Keywords

1 Introduction

Finite element method (FEM) is a popular numerical approach for finding approximate solutions to a wide range of scientific problems. Originally, developed for structural mechanics problem, FEM has spread to almost every discipline of engineering, including aerospace, bio-mechanics, fluid mechanics, electromagnetics and weather prediction [1]. However, numerical procedure to obtain solutions with FEM is computationally expensive. Depending on the nature of the problem, the time spent in FEM simulation might vary from hours to months. As the computational power of computer processors has increased in recent times, there is an increasing interest in performing realistic simulation with high accuracy. Therefore, it becomes extremely important to address the issue of high simulation time associated with the FEM. Parallel computers are often employed to handle the high computation cost associated with FEM-based simulation. A recently developed hardware to perform parallel computing is GPU. The hardware like GPUs has become quite popular due to high computational power, massive parallelism and high memory bandwidth. The current work attempts to find an efficient strategy to implement FEM on a GPU.
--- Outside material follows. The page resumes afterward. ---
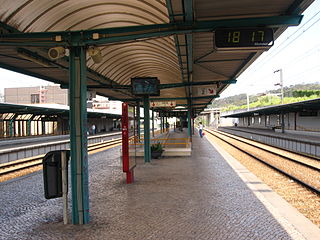 <span class="mw-page-title-main">Benfica railway station</span> Railway station in Lisbon, Portugal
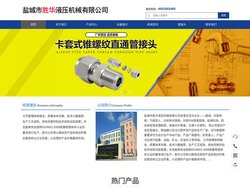 扩口式管接头,锥密封焊接式管接头,卡套式管接头厂家-盐城市胜华液压机械有限公司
FEM solver consists of three expensive steps: computation of the elemental matrices, assembly of global stiffness matrix and solution of a system of linear equations given by the global stiffness matrix. Among these, the solution of the system of equations is often the most time-consuming step in FEM. Consequently, GPU implementations of linear solvers have been studied the most [2,3,4,5]. The overhead in computation of elemental matrices and their assembly can be significantly high for large-scale problems involving complex differential operators and higher-order finite elements. In nonlinear problems, the computation of elemental matrices and assembly is required multiple times, and therefore, it can contribute to high simulation timings [6].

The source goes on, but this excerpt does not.